本と植物と日常

本を読んだり、訳したり、植物に水をやったりの日々…。

翻訳までの経緯④ーー 共訳者からの連絡

自分の「翻訳史」、ここからはごく簡単に。

私が古都の大学と最初に『精神について』の翻訳について話し合った頃は、まだ全体の三分の一程度しか翻訳していなかったので、生意気にも、「出版していただけるのは大変ありがたいのですが、まずは作品全体を翻訳してから話を進めさせていただきたい」といった趣旨のことを伝えた。それから全体を一とおり訳了するまで2~3年かかったとおもう。本文を訳了すると今度は、どのような経緯で『精神について』の出版許可が取り消されたのかに興味がわき、書簡集を入手して、書簡と史料の抜粋も翻訳した。

こうして一とおりの初訳が終わった時点で、今度は、「個人訳だと見落としがあるかもしれないので、もう一人別の方と一緒に訳稿を見直しして、原稿を完成させて欲しい」と出版元から依頼され、共訳者も紹介された。
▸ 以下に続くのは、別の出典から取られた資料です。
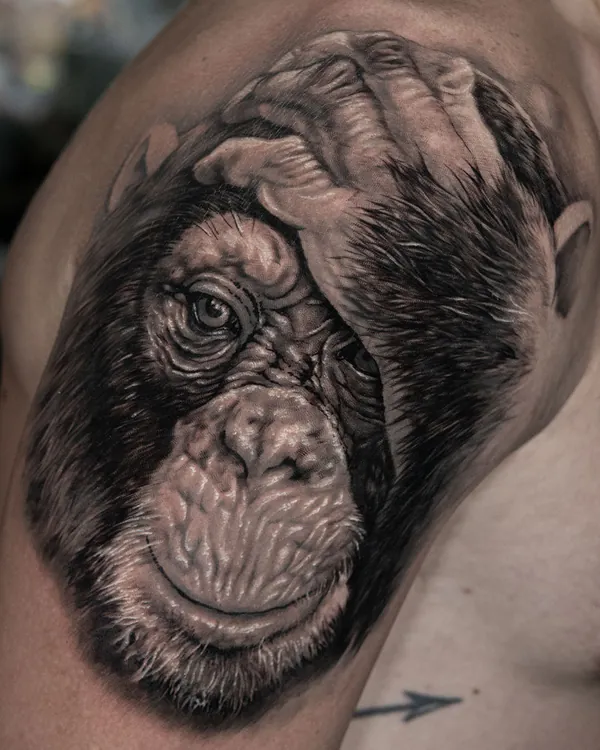 Chimpanzee covering eye shoulder tattoo Bangkok by Zia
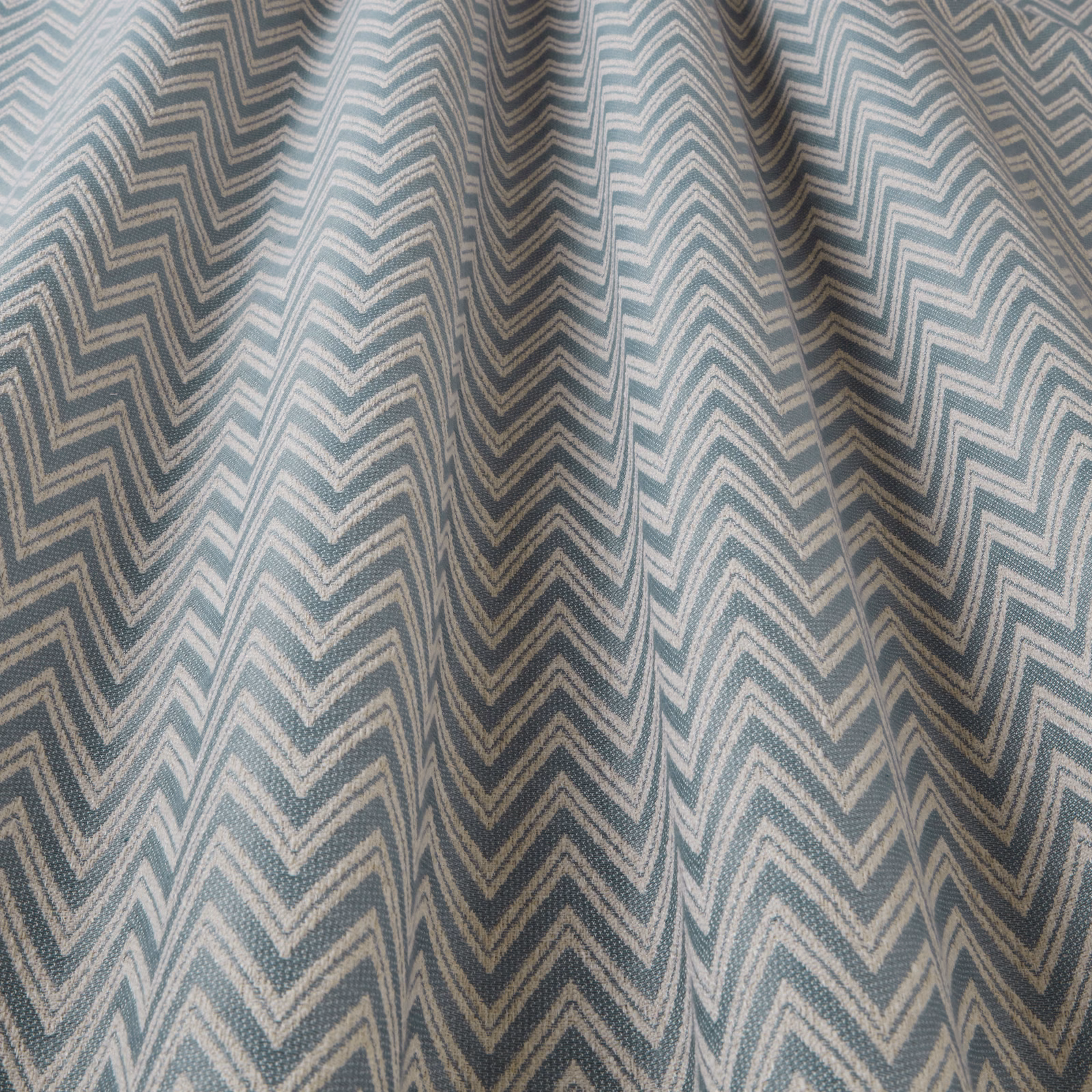 Soft eau de nil chevron fabric with pale ivory zigzag stripes and woven texture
ただその人の翻訳に関する考え方や訳語の選択が私とかなり違うので、この共同作業はかなり骨が折れそうだと感じた。それに加えてこの担当者が関西方面に住んでいることからなかなか意思が疎通せず、ちょっと嫌気がさして、訳稿の見直しを含めて翻訳に関してはすべてその人に任せることにし、私は翻訳作業から身を引いた。

著者の書簡集も、もうボロボロになってしまった

なので私は、もう自分が『精神について』の訳稿を読むことはないと考えていたのだが、今年になり、共訳者から連絡が入った。印刷出版にかける前に、私ももう一度訳稿に目をとおして欲しいという趣旨だった。そしてその直後に、その人が見直した第二稿が送られてきた。このため、その第二稿を校正しているのが現状だ。連絡者が、私のつたない訳を徹底的に手直ししてくれたので、ほんらいであれば、校正といってもさっと目をとおすだけでいいはずなのだが、それでもやはり気になる箇所がいくつかあり、毎日ふうふう言いながら校正している。
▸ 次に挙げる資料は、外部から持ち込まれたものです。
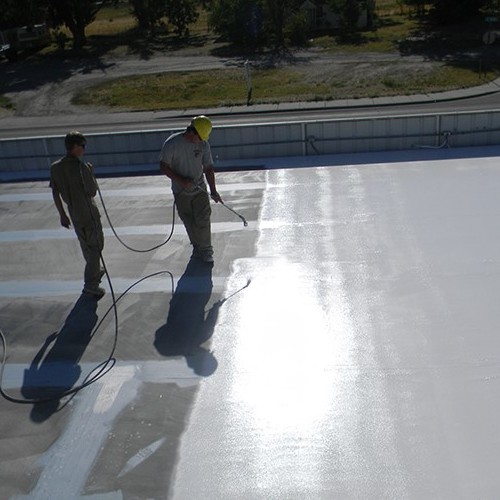 Contractors Applying Acrylic Roof Coating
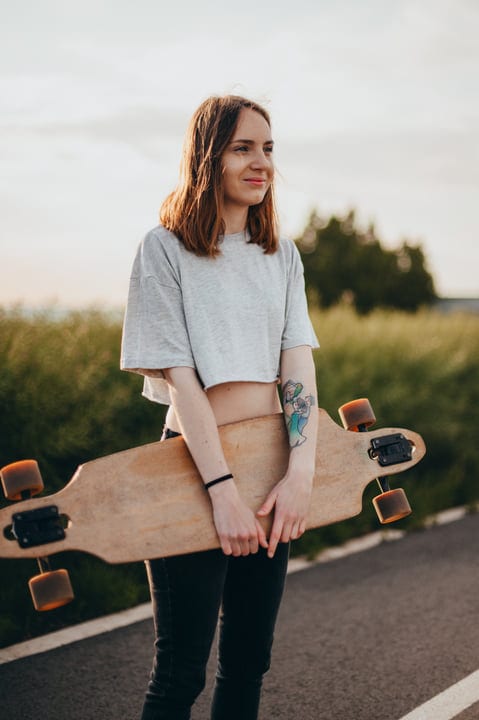 Sunset Smiles With A Skateboard On Country Road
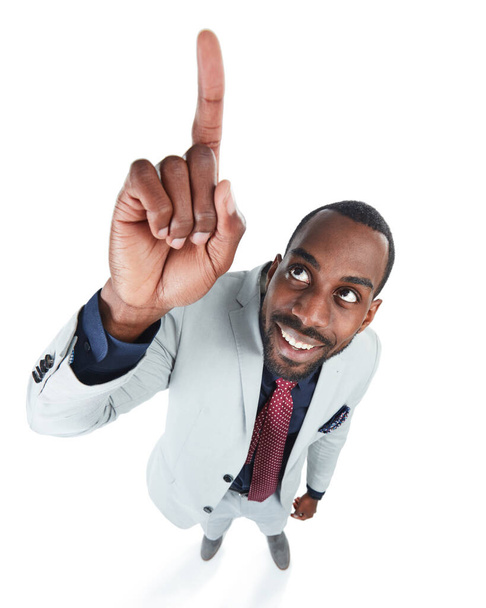 Its all the way up there. Studio shot of a young businessman pointing against a white background - Foto, immagini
ちなみに一昨日は、2005年に私の学会報告を手伝ってくれ、その後の翻訳作業や出版社とのやりとりでもいろいろ相談にのってくれたYくんの命日だった。私がまた『精神について』の訳稿を読み始めたときいたら、Yくんはきっと苦笑いするのではないだろうか。命日ということでご実家の方とは電話でちょっと話をしたが、Yくんが亡くなったのはコロナ騒動がはじまったばかりの頃だったので、今もまだ墓参りに行けていない。この翻訳、Yくんのためにもがんばらねば!?